(Source data)
_ _ _ _ _ _ _

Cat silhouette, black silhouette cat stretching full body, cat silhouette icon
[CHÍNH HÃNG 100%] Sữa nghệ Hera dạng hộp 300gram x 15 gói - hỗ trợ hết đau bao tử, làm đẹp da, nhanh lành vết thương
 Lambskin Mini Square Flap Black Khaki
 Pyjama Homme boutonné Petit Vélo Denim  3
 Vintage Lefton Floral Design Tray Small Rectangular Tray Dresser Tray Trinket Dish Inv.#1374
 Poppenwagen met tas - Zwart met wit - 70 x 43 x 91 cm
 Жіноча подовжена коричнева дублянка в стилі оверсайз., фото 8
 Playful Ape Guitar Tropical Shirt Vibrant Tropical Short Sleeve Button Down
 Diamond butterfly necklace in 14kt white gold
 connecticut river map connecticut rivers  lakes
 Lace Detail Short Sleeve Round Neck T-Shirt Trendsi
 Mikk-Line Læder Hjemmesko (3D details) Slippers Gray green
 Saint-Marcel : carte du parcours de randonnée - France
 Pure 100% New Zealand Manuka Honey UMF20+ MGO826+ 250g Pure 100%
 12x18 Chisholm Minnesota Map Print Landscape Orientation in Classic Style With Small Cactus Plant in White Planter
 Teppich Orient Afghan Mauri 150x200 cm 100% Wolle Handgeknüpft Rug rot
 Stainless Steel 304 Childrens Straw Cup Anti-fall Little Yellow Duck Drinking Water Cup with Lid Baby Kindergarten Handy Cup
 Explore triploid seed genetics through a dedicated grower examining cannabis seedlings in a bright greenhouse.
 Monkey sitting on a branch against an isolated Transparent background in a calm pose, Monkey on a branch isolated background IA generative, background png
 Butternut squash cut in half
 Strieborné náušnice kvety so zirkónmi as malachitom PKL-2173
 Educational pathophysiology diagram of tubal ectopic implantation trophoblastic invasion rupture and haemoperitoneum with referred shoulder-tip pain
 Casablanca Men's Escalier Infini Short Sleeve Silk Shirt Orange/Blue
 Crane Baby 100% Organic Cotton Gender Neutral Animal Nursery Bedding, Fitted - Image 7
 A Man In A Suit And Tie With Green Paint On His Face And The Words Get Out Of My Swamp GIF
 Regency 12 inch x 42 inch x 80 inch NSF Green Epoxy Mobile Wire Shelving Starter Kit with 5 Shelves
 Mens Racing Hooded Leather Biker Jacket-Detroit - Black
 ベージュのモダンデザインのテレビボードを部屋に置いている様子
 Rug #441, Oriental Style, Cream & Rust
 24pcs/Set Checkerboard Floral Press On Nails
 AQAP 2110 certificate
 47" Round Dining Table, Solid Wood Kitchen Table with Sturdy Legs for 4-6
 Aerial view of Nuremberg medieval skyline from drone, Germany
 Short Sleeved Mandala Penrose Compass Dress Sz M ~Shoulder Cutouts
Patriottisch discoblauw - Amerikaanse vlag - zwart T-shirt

_ _ _ _ _ _ _

**WHAT IS EXPECTED:**
Once you find the line with "Pure 100% New" above, print it and every line after it up to and including the line with "Stainless Steel 304", exactly as written and nothing else.

**TASK OUTPUT:**
 Pure 100% New Zealand Manuka Honey UMF20+ MGO826+ 250g Pure 100%
 12x18 Chisholm Minnesota Map Print Landscape Orientation in Classic Style With Small Cactus Plant in White Planter
 Teppich Orient Afghan Mauri 150x200 cm 100% Wolle Handgeknüpft Rug rot
 Stainless Steel 304 Childrens Straw Cup Anti-fall Little Yellow Duck Drinking Water Cup with Lid Baby Kindergarten Handy Cup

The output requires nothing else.